WHAT TO WORK ON:
Copy, pictures aside: the lines below from the one that holds "Camicia bianca per" through the final line of the listing, both ends included, exactly as they are and nothing else.

PROVIDED MATERIAL:
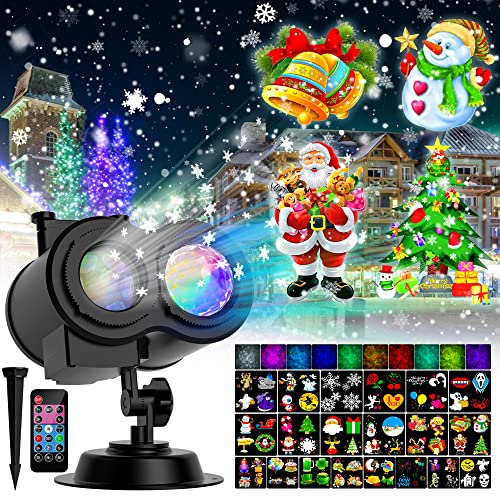 Christmas Halloween Projector Lights Outdoor, COOLWUFAN 2-in-1 Moving Patterns Landscape Lights, 30 HD Effects ( 3D Ocean Wave & Patterns) Projection Light for Xmas Halloween Party Garden Decorations Christmas Halloween Projector Lights Outdoor, COOLWUFAN 2-in-1 Moving Patterns Landscape Lights, 30 HD Effects ( 3D Ocean Wave & Patterns) Projection Light for Xmas Halloween Party Garden Decorations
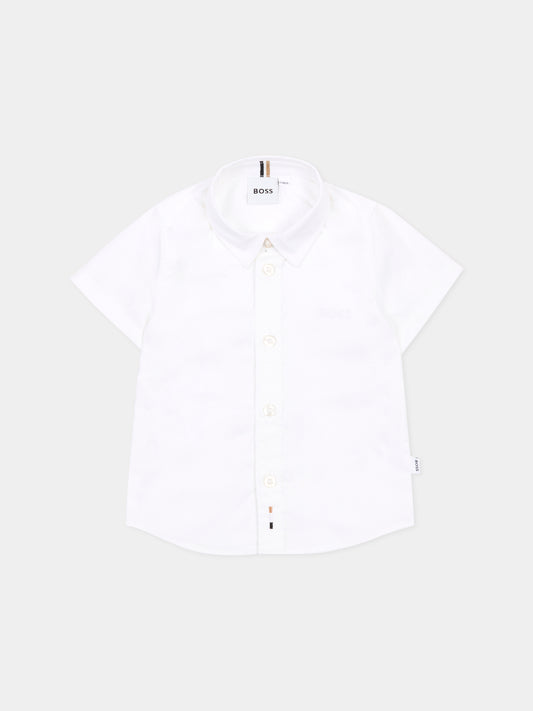 Camicia bianca per neonato con logo ricamato,Boss,J53161 10P
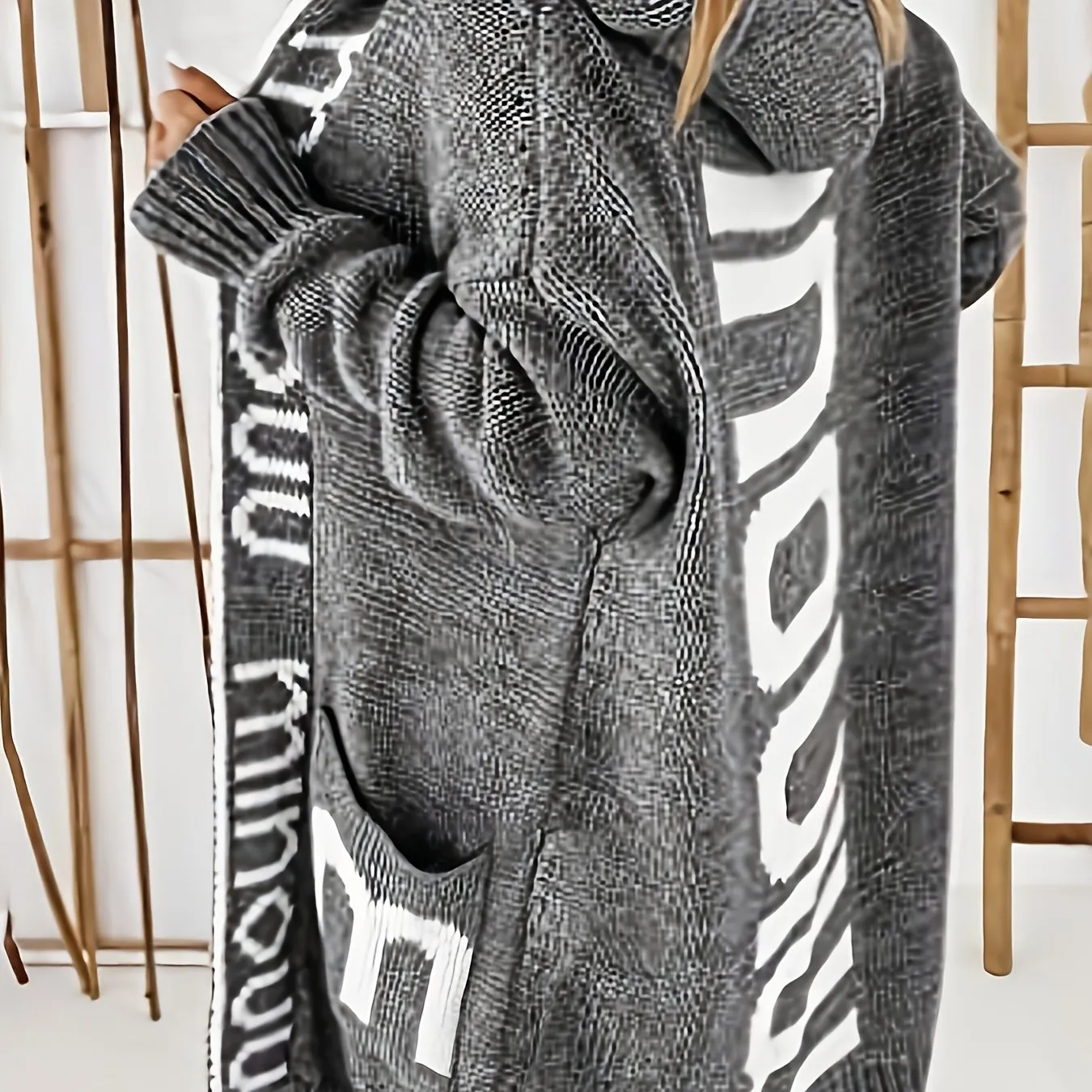 Premium Women's Knitted Cardigan with Waterfall Collar - Trendy Letter Print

PROBLEM SOLUTION:
 Camicia bianca per neonato con logo ricamato,Boss,J53161 10P
 Premium Women's Knitted Cardigan with Waterfall Collar - Trendy Letter Print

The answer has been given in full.